#### GIVEN MATERIAL:
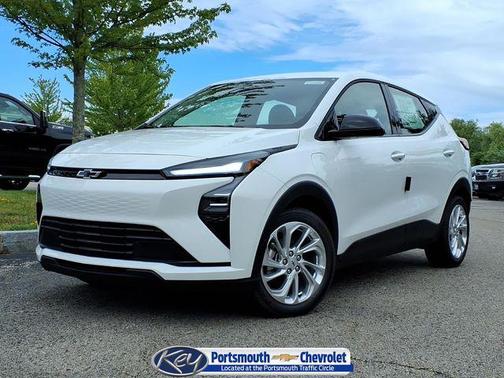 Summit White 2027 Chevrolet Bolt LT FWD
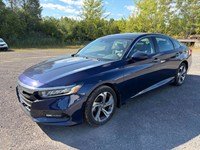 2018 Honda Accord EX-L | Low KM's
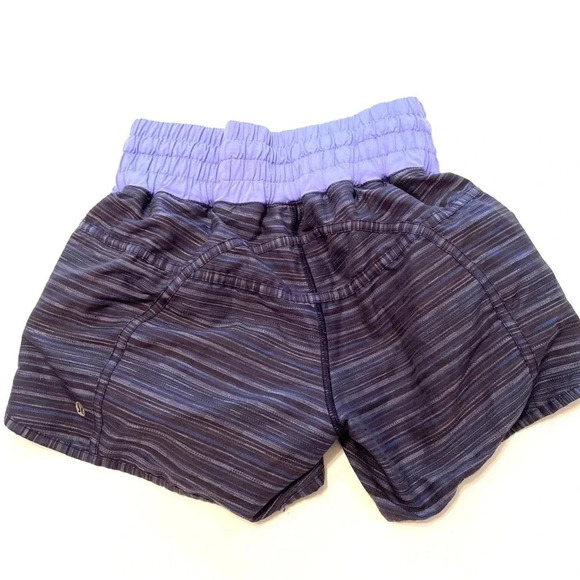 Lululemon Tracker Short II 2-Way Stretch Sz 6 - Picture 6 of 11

#### AIM OF THE TASK:
The listing must be repeated word for word, and none of its pictures may appear in the copy.

#### WRITTEN RESPONSE:
 Summit White 2027 Chevrolet Bolt LT FWD
 2018 Honda Accord EX-L | Low KM's
 Lululemon Tracker Short II 2-Way Stretch Sz 6 - Picture 6 of 11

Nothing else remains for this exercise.